3°. It follows from the results of this paper that the pursuit problem with bounded time is posed correctly (the value of the game exists, is unique, and depends continuously on the initial data). On the other hand, the value of game III may fail to be a continuous function of the initial positions even in the case \(g(y,v)\equiv 0\). In paper \((^6)\), necessary and sufficient conditions were obtained for the continuity of the value of the game (with respect to \(x_0\)) under the following assumptions:
-
\(n=2,\quad U=\{u_1\ldots u_m\},\quad f(x,u)\) is holomorphic in a neighborhood of the initial point for each \(u=u_i\).
-
\(g(y,v)\equiv 0,\quad y_0=0\).
-
\(l=0\).
4°. Some results devoted to pursuit games with bounded time are contained in papers \((^{7-10})\). A proof of the existence of the value of the game in some special cases may be found in papers \((^{1-5})\).

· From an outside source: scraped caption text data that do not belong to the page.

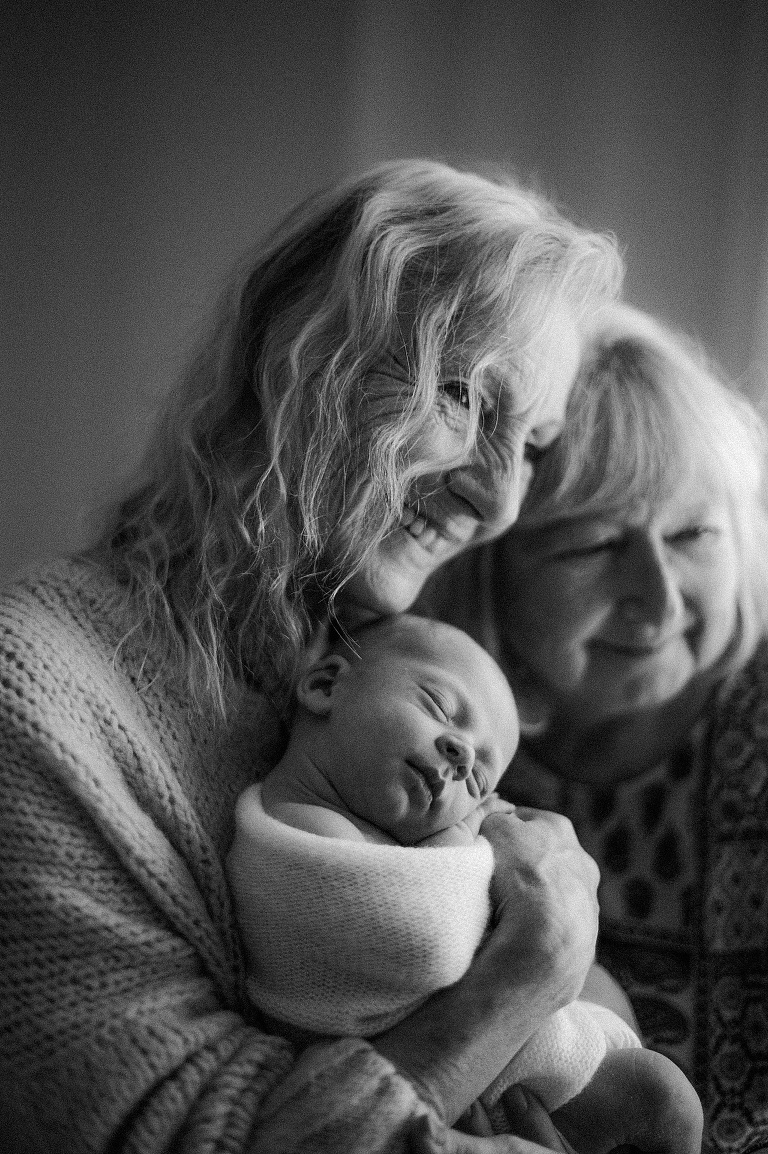 Babybilder Aalen, Babyfotos Bopfingen, Babyfotograf Donau Ries, Sevi Koch, Natürliche Babybilder Bopfingen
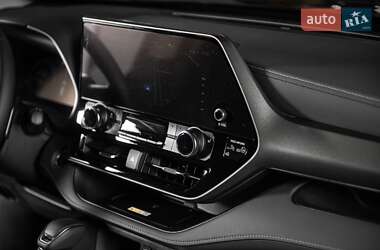 Внедорожник / Кроссовер Toyota Highlander 2024 в 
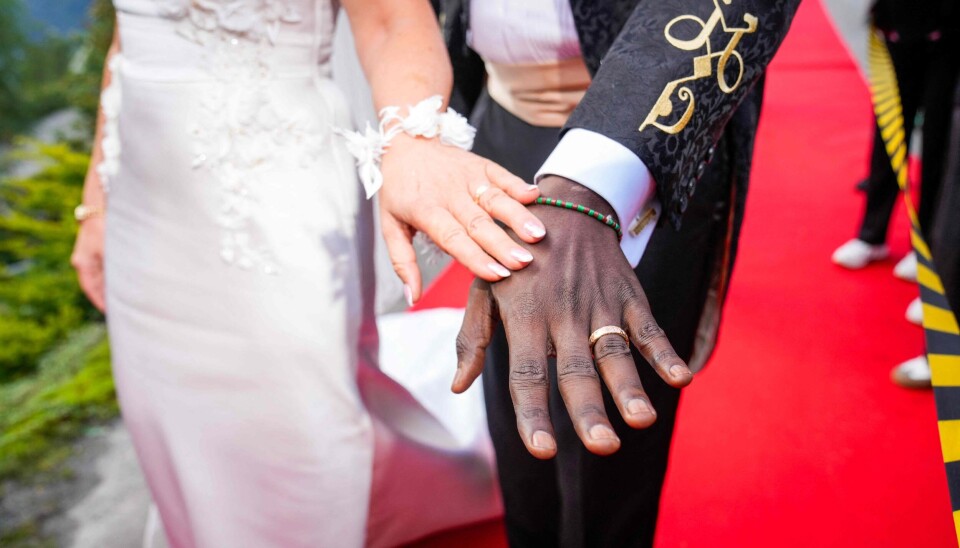 Märtha Louise havde skiftet sin store forlovelsesring med en grøn smaragd og diamanter ud med en helt traditionel gylden vielsesring. Durek havde fået parrets monogram broderet på sit jakkeærme.
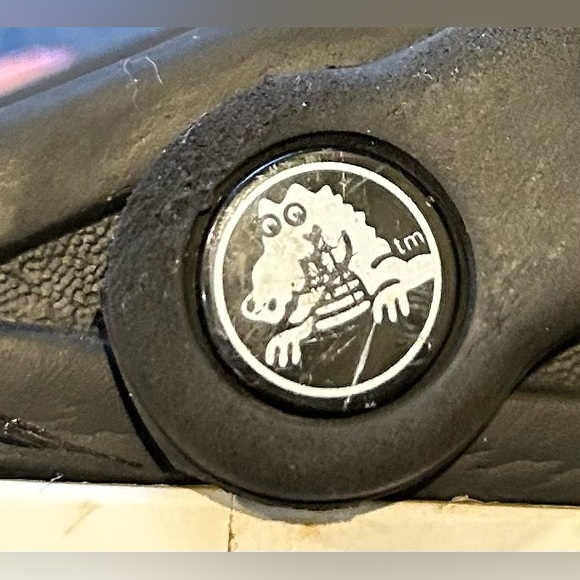 Crocs Unisex Black White Sandals Clogs  Slip on Rubber Shoes Men’s 4 Women’s 6 - Picture 9 of 10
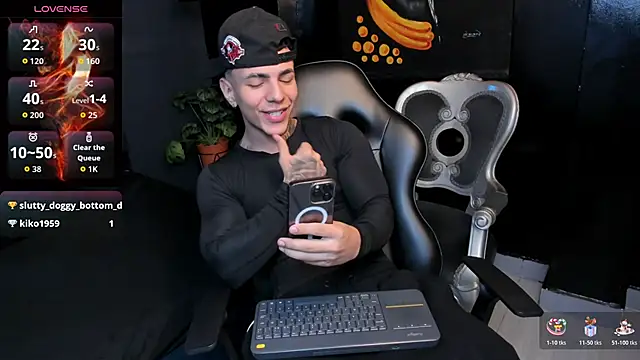 Snapshot of Flynn_Riider chatting on October 24, 6:09 pm Flynn Riider online show from October 24, 6:09 pm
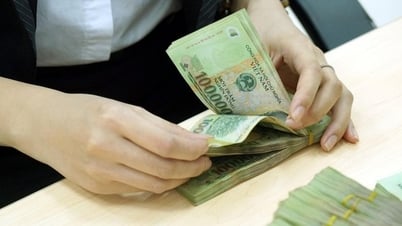국민은 예금을 줄이고, 은행은 저축금리를 올린다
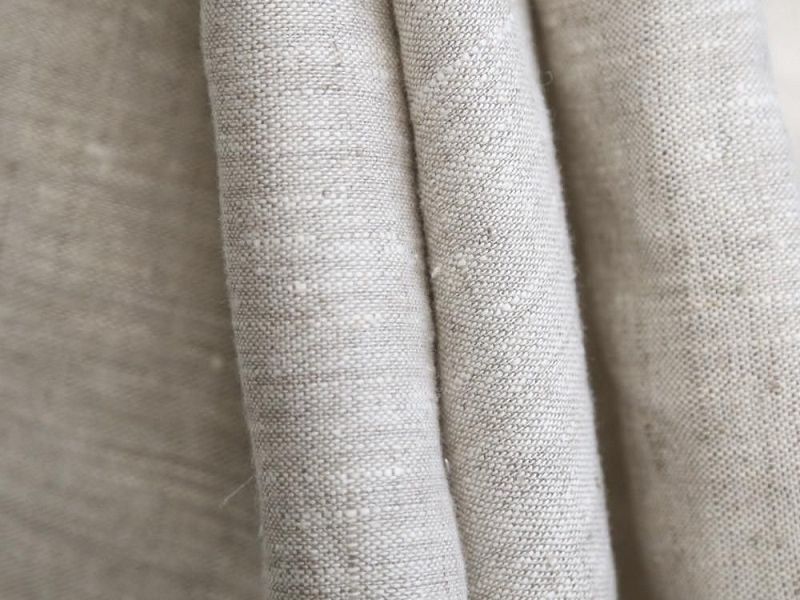 Linen: Chất liệu tự nhiên bền chắc, thoáng khí, mang lại cảm giác thoải mái tối đa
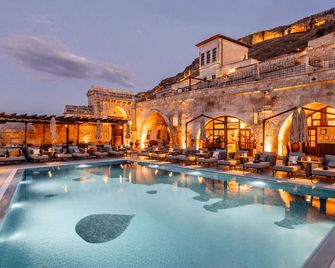 Kayakapi Premium Caves Cappadocia - אורגופ - בריכה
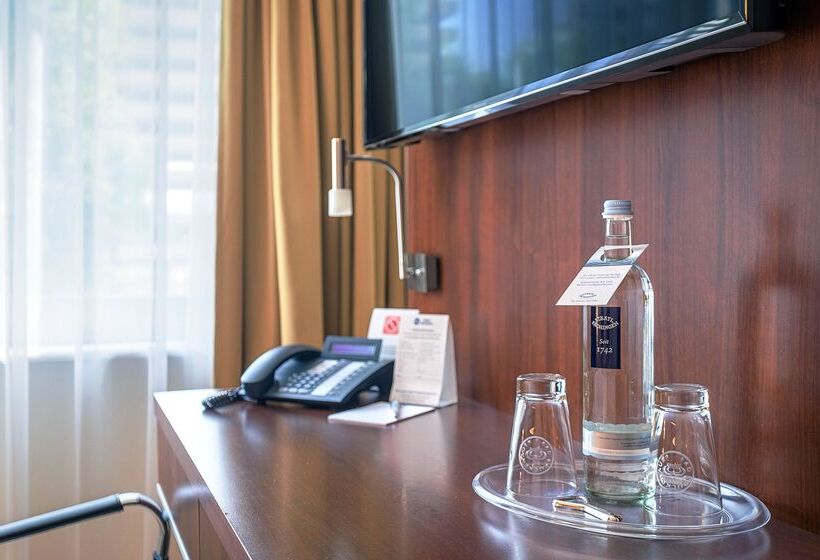 اتاق کلاب, Best Western Macrander Hotel Frankfurt/kaiserlei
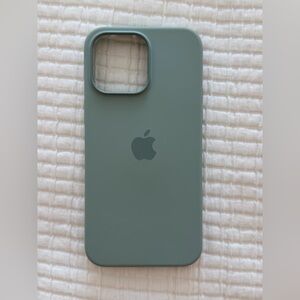 Apple iPhone 14 ProMax Green Silicone iPhone Case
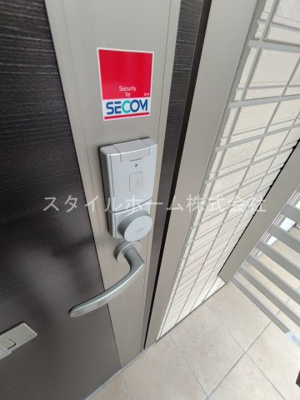 【玄関】 | ベリーヴィレッジ C棟 | イメージ写真です。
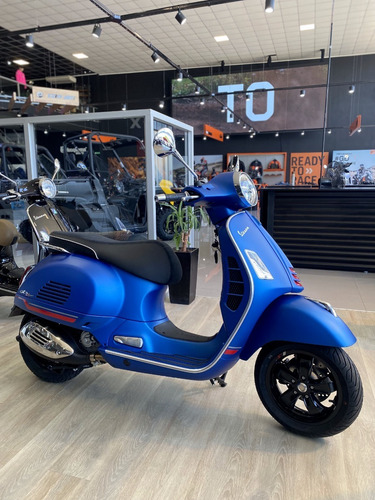 Imagen 2 de 16 de Vespa Gts Super 300 Sport - Entrega Inmediata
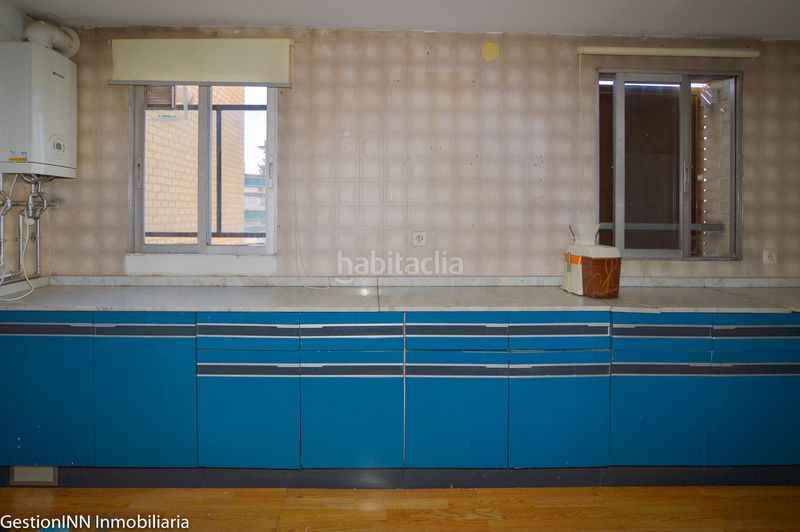 Foto a99d12aa-f6ce-43b0-aa44-43a98a3dedff. Flat with heating in San Pascual Madrid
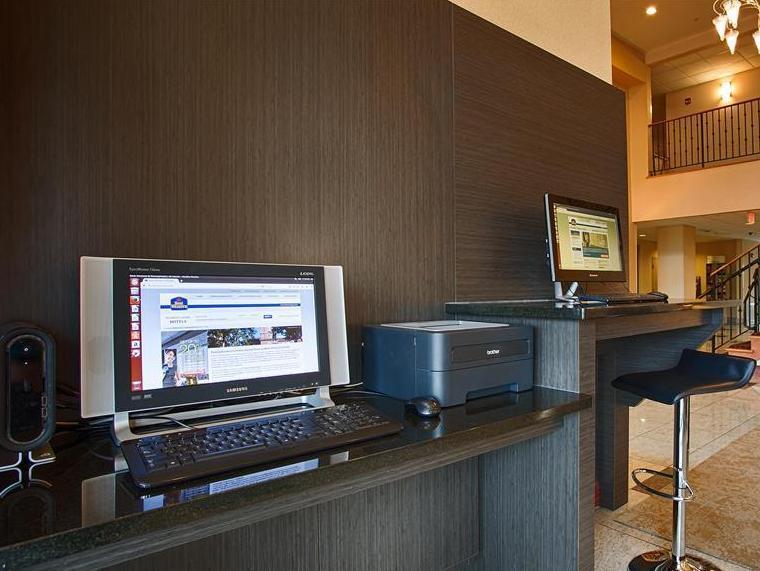 Best Western Plus New Cumberland Exterior photo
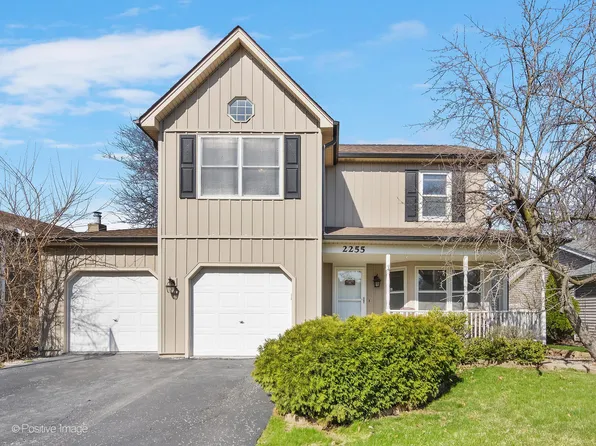 2255 Gleneagles Dr, Naperville, IL 60565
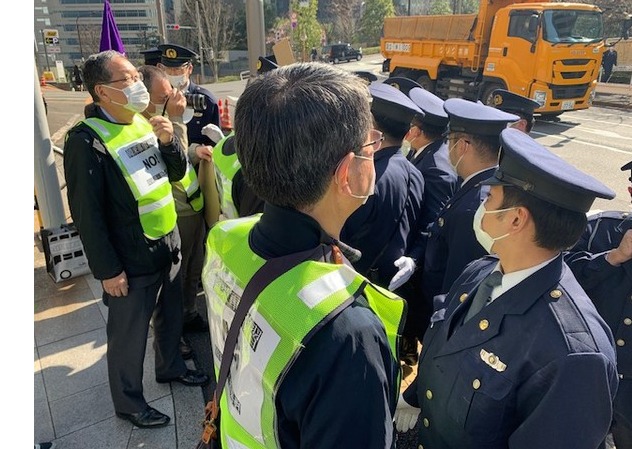 주일 미대사관 앞에서 요청단을 가로막아선 일본경찰관들.  [사진-통일뉴스 박명철 통신원]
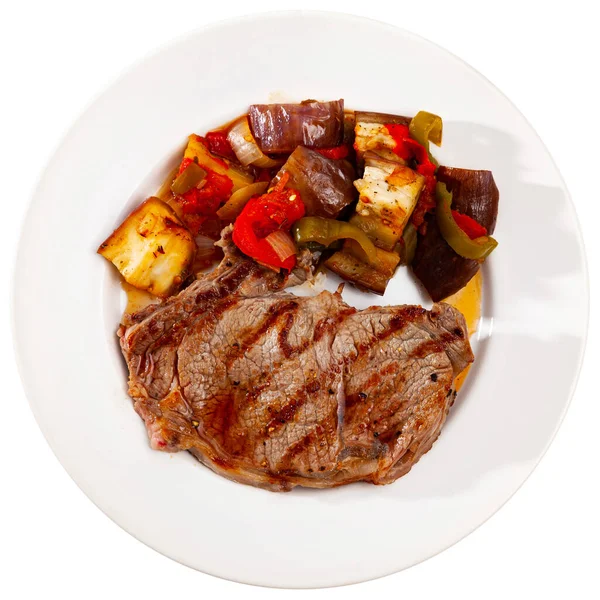 Beef entrecote with vegetables and stewed eggplant — Stock Photo, Image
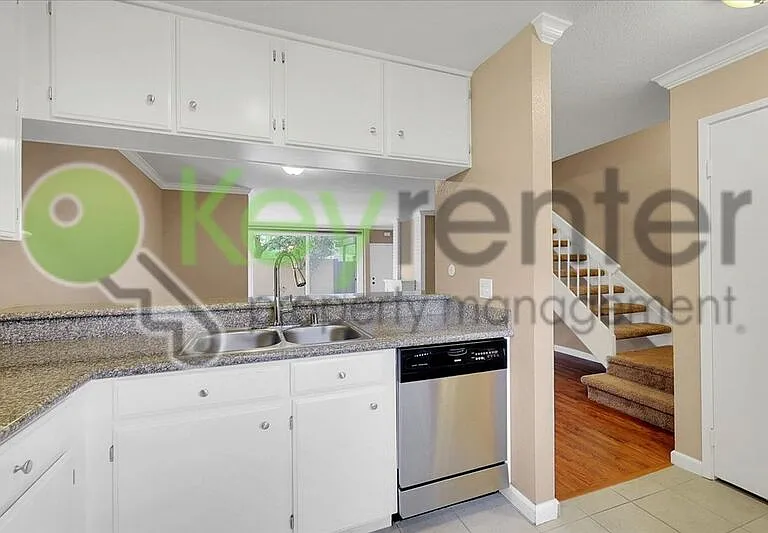 2254 Woodside Ln #2 — Photo 8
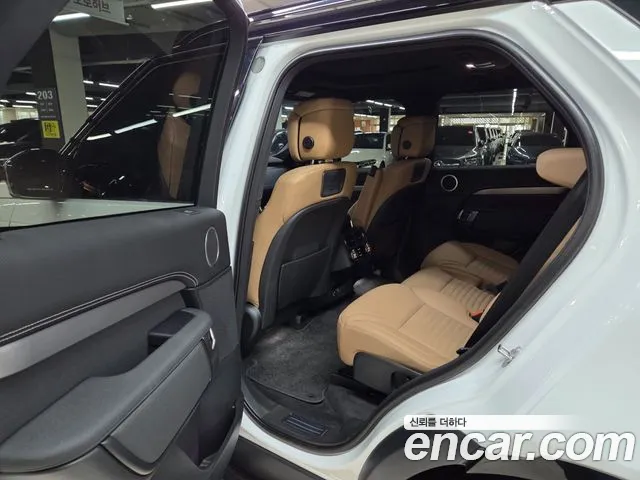 Land Rover Discovery — Фото автомобиля 9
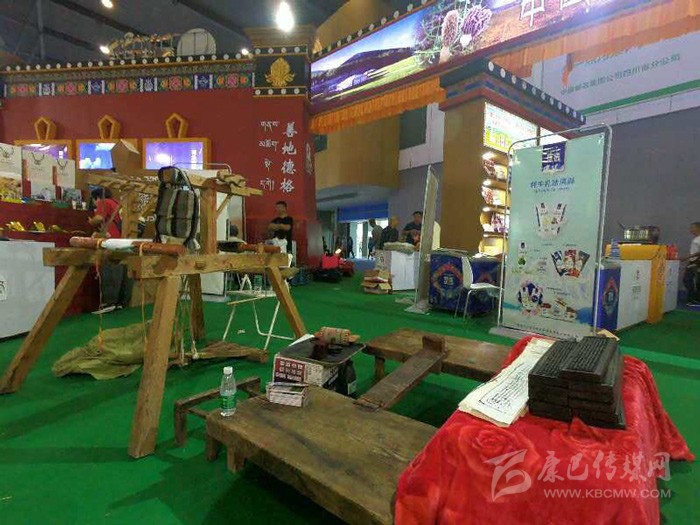 སྡེ་དགེ་པར་ཁང་གིས་ནུབ་རྒྱུད་རྒྱལ་སྤྱིའི་དངོས་མང་སྟོན་ཚོགས་ཐོག་བོད་ཡིག་པར་འདེབས་རིག་གནས་འགྲེམ་སྟོན་བྱས།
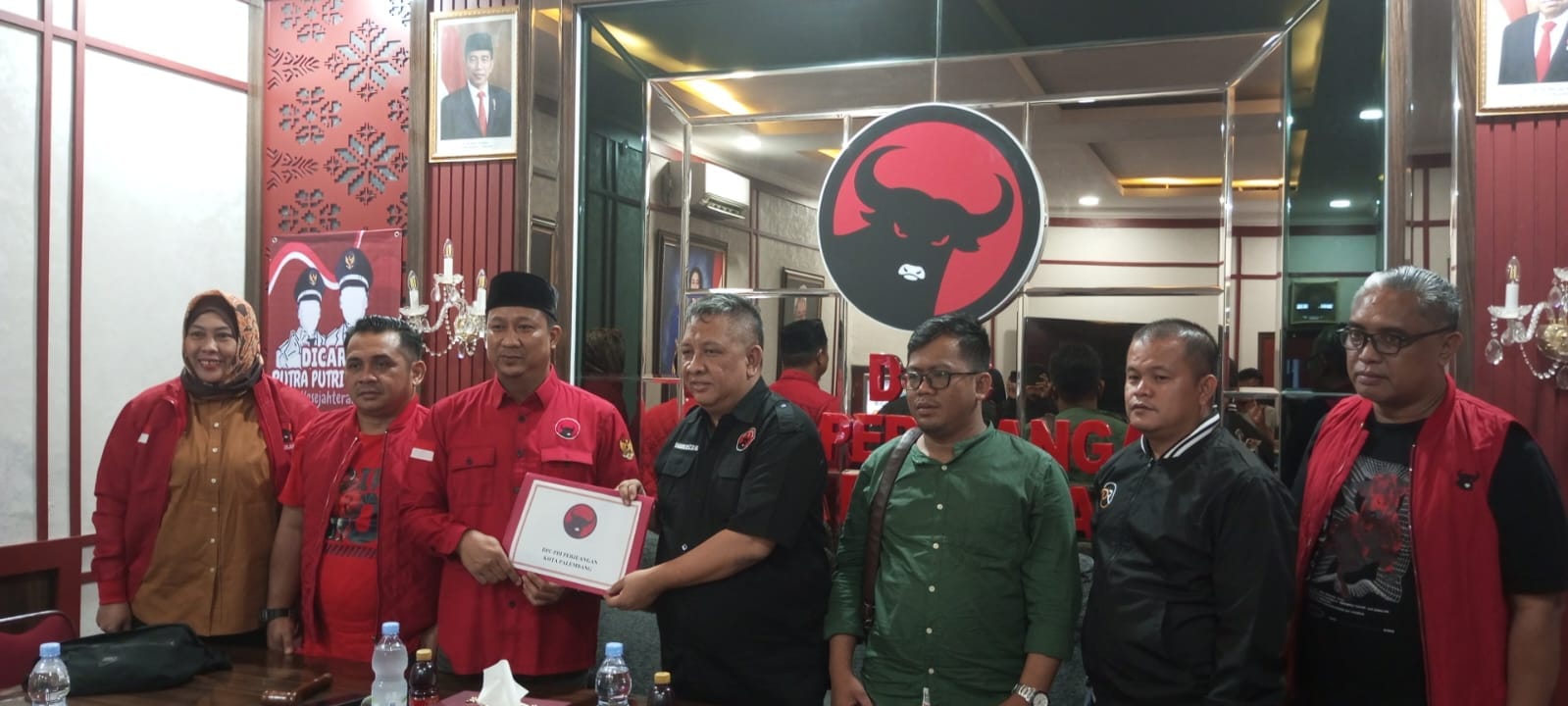Anton Nurdin Kembalikan Berkas Formulir ke DPC PDIP Palembang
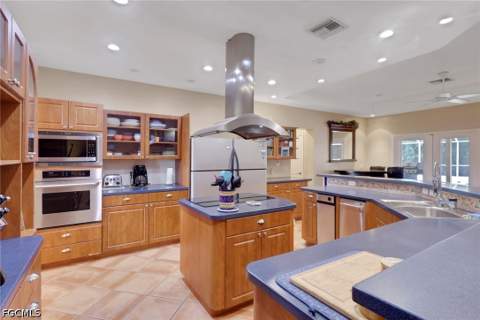 1357 Osceola Dr, Fort Myers FL - photo 11 of 40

Leningrad State University
named after A. A. Zhdanov
Received
10 IV 1969
REFERENCES
\(^1\) N. N. Krasovskii, A. I. Subbotin, Differential Equations, 4, No. 12, 2159 (1968).
\(^2\) N. B. Gusyatnikov, M. S. Nikolskii, DAN, 184, No. 3, 518 (1969).
\(^3\) B. A. Shokhet, L. A. Petrosyan, Lithuanian Mathematical Collection, 8, 20 (1968).
\(^4\) B. N. Pshenichnyi, DAN, 184, No. 2, 285 (1969).
\(^5\) C. Ryll-Nardzewski, Ann. Math. Stud., Adv. in Game Theory, No. 52, 113 (1964).
\(^6\) N. N. Petrov, Differential Equations, 5, No. 5 (1969).
\(^7\) W. H. Fleming, J. Math. Anal. and Appl., No. 3, 102 (1961).
\(^8\) L. A. Petrosyan, Vestnik LGU, No. 1, 42 (1968).
\(^9\) N. N. Krasovskii, Abstracts of the First All-Union Conference on Game Theory, Yerevan, 1968, p. 125.
\(^ {10}\) N. N. Krasovskii, Differential Equations, 5, No. 3, 407 (1969).